How to: Promote Your Business on TV In Front of Thousands of Potential Customers for $100 With Google TV Ads

Published on April 5th, 2010 by Mitchell Harper

Have you heard of Google TV ads? For just a few hundred bucks and with absolutely zero video creation skills you can advertise your business on major TV networks alongside American icons like Ford, McDonalds and Macy’s.

You simply sign up for Google TV Ads (through Google AdWords), upload your TV ad (which you can create for $300 using Spotmixer’s step-by-step wizard) and within 24 hours it will start running on the TV networks you select at the specific times you choose. Sweet!

Here’s how Google TV ads works:

Using the Spotmixer step-by-step ad creation wizard you can create a customized TV ad based on one of their many templates. You can add your logo, images and video or just choose from their stock library.

So how does Google get your ad on TV? They’ve partnered with a few of the second tier cable networks who have a combined reach of over 50 million households throughout the country. You might see a Starbucks ad followed by an MGD ad followed by your ad.

You can spend just $100 to get your ad in front of 10,000 viewers.
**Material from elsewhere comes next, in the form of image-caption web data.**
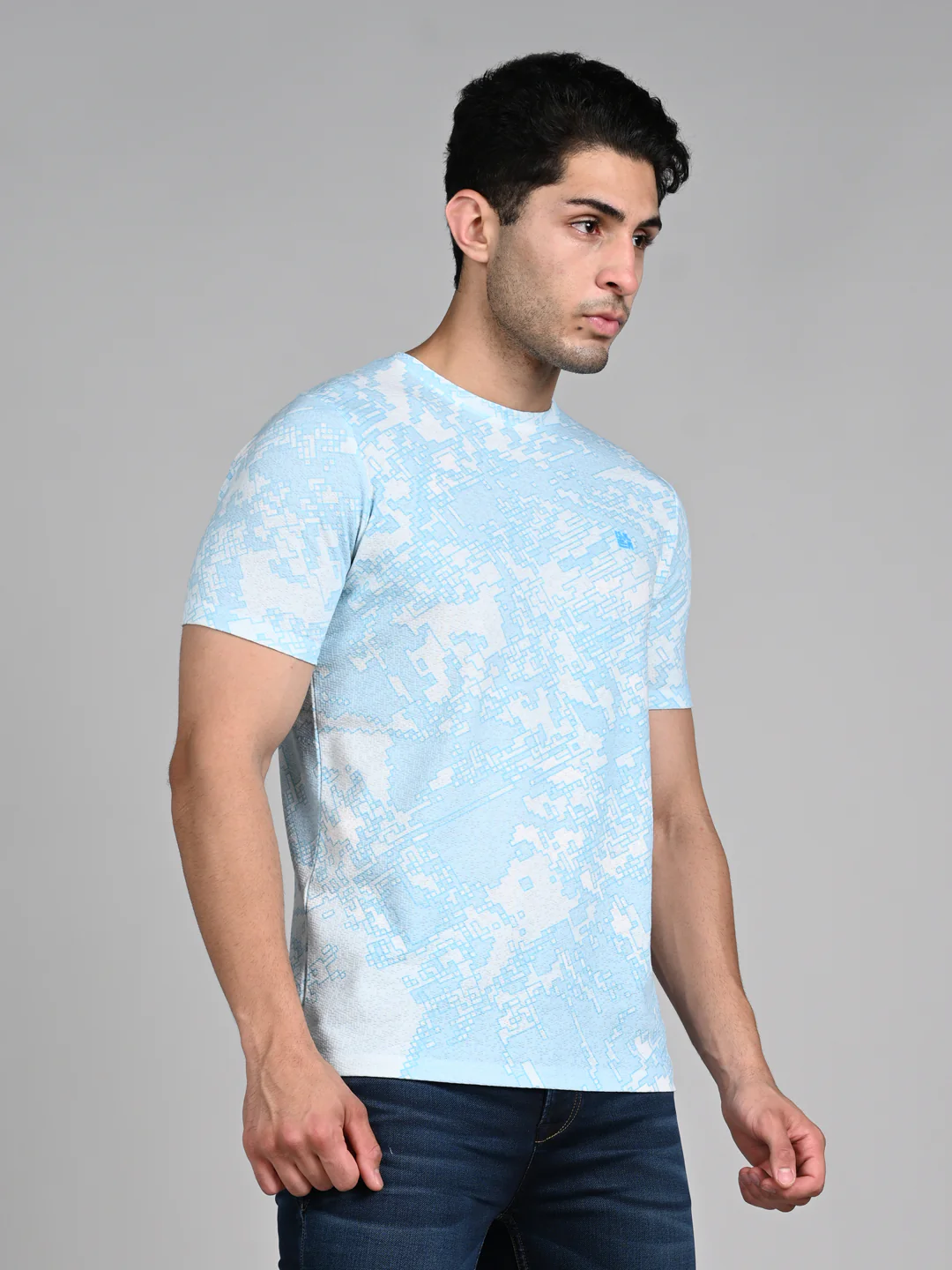 Killer Men Light Blue Printed Round Neck T-Shirts - Image 6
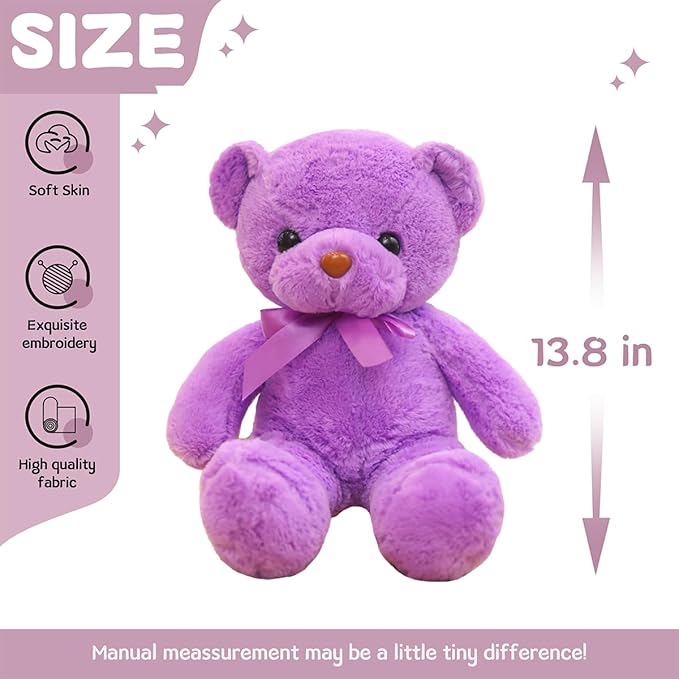 Purple Teddy Bear Stuffed Animals 13" Soft Cuddly Stuffed Teddy Bear Plush Toys Cute Birthday Mother's Day Valentine’s Day Wedding Graduation Party Gifts for Kids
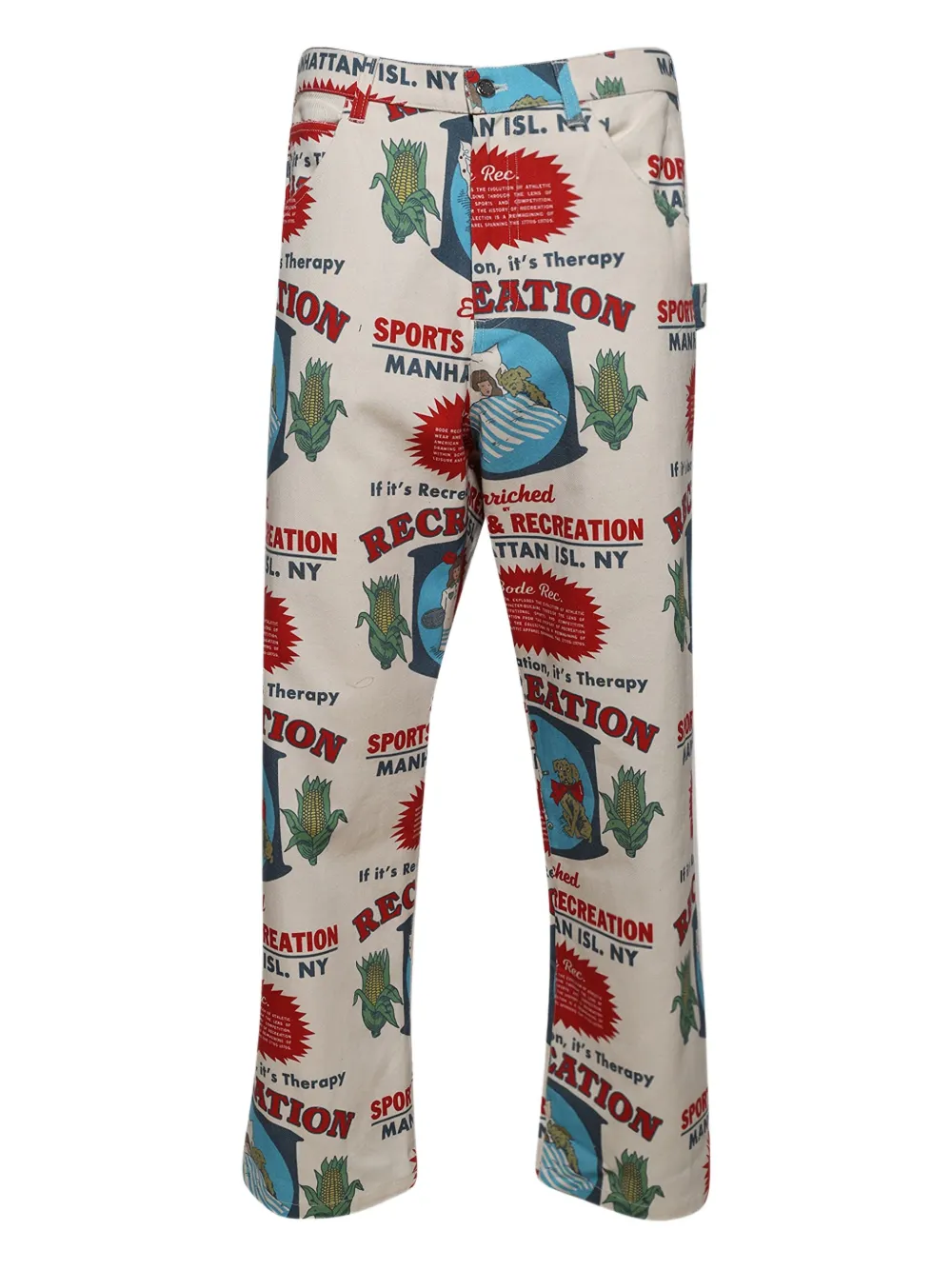 BODE pantalones con estampado gráfico | blanco | Image 1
Sure it might be at 2am on a Tuesday, but if you’re creative enough and can work some really good benefits into your ad then you can definitely make your money back – and then some.

If you can shell out a few thousand bucks you can run your ad 7 nights a week between 12am and 3am on major TV networks. Take it up to $5,000 – $10,000 and you’re talking almost prime-time spots (11pm onwards) on channels like Discovery, Travel, Fox, MSNBC and others. You can choose which channels your ad appears on, at what time and on which days.
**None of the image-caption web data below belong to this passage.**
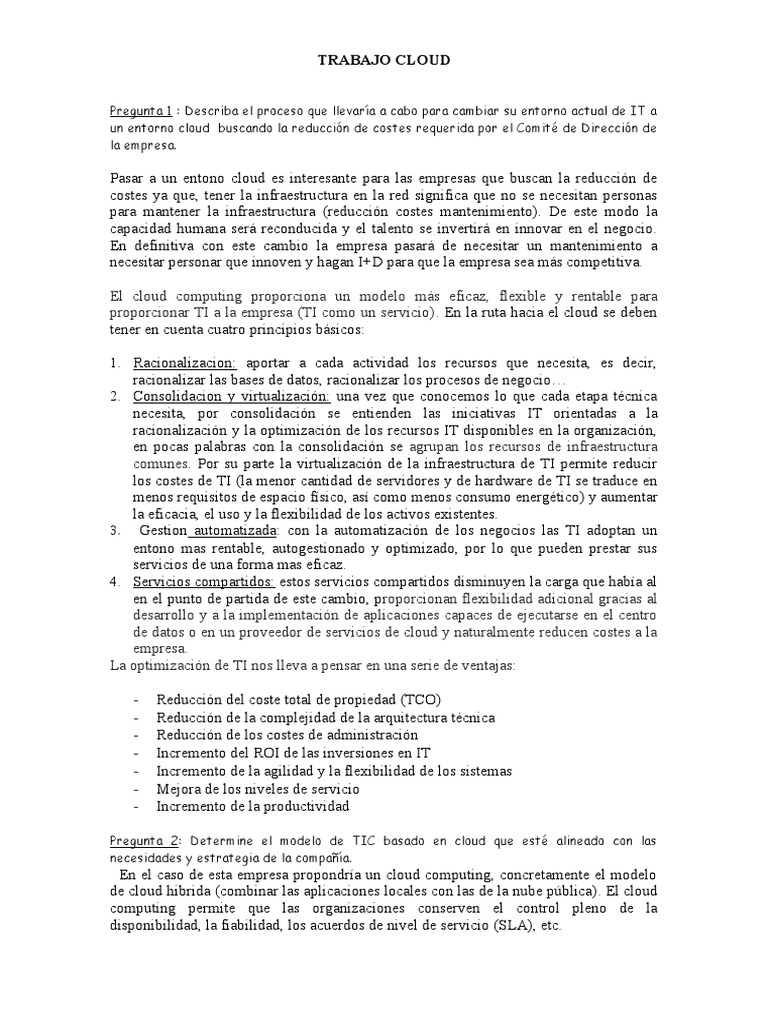 Estrategias para Migrar a la Nube Cloud | PDF | Computación en la nube ...
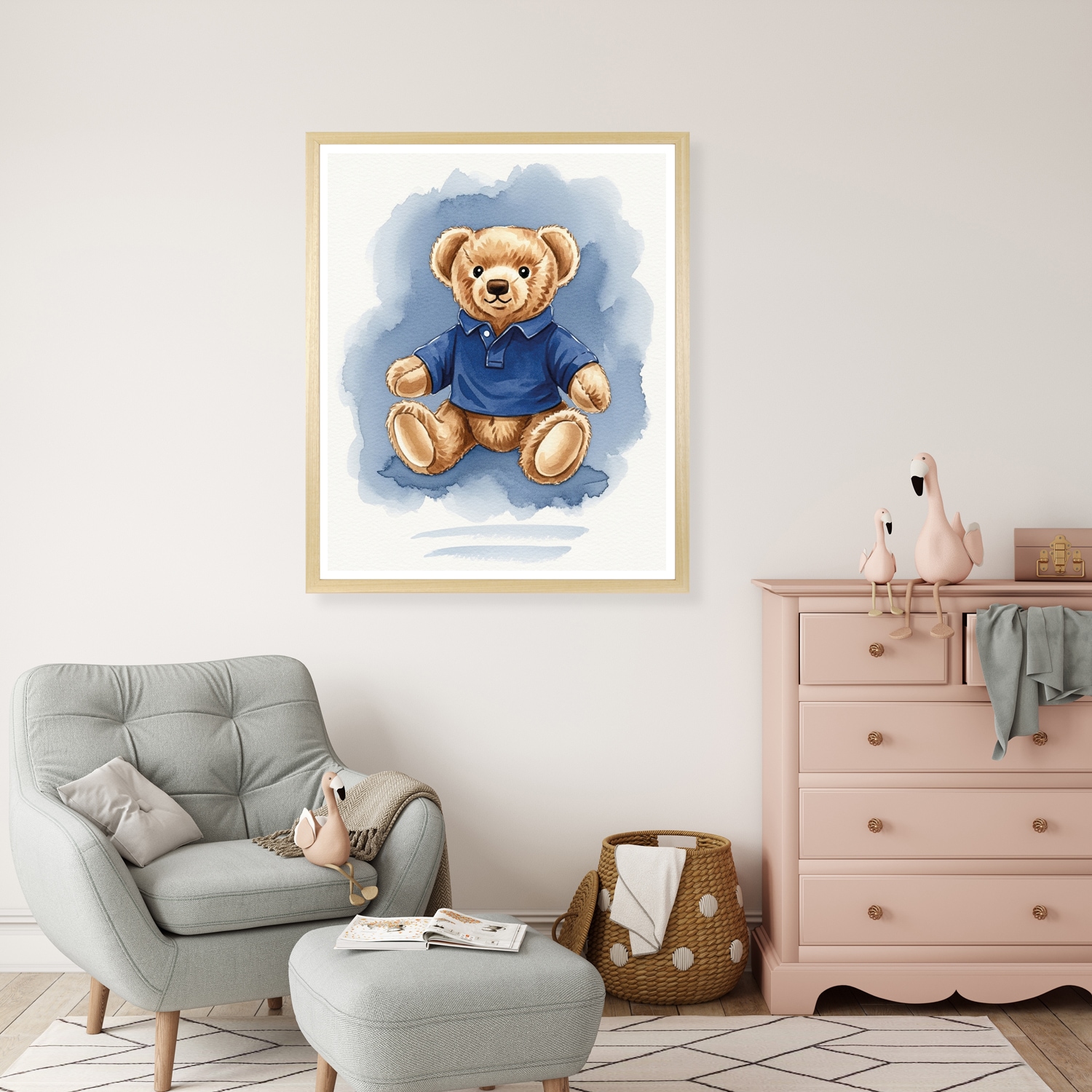 queence Bild mit Rahmen »Vintage Polo Teddy Bär in Poloshirt« Bär | Bären | Fashion | Figuren | Mode | Modebilder HD Premium Poster-Druck inkl. Echtholzrahmen in beige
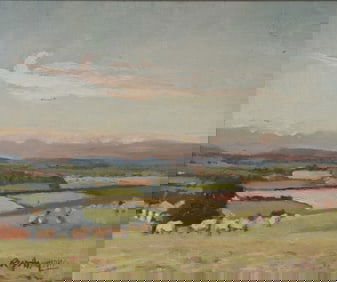 Roger Hanier Hampson, British (1925-1996), South Hereford Landscape, oil on board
They say TV advertising is dying and Seth Godin says it’s a form of interruption marketing, but I still say it’s worth testing, especially if you sell “mainstream” products like clothes, shoes, computers, vitamins, etc. Here’s how I’d do it:

  1. Register a new domain name so you can exclusively track your TV ads success. For example, if you sell t-shirts online at CoolTShirts.com then register BuyCoolTShirts.com and use that as the website link you show in your TV ads. Setup a domain forward at your domain name registrar (such as GoDaddy) and make the redirect a Google Analytics trackable link.
    .
  2. Setup Google Analytics tracking for orders and traffic so you can see which visitors ordered as a result of seeing your TV ad. See this blog post for more info.
    .
  3. Promote your best selling products at the top of your home page using BigCommerce’s built-in banner creation tool (under the marketing menu in your control panel).
    .
  4. Run your TV ad for 3-5 consecutive nights on the SAME channels EVERY NIGHT. Repetition is important – they say it takes the average person 7 views of your ad before they take action.
    .
  5. Use Google Analytics to track your sales from the TV ad. If you made back more than you spent then great, ramp up your budget and run another 3-5 day trial. If not, try a different channel and repeat step 4. If you fail again then choose a different Spotmixer ad template with a stronger call to action or a better benefit (remember, sell on benefits – i.e. what your products can do for the buy – and not features, i.e. what the product has)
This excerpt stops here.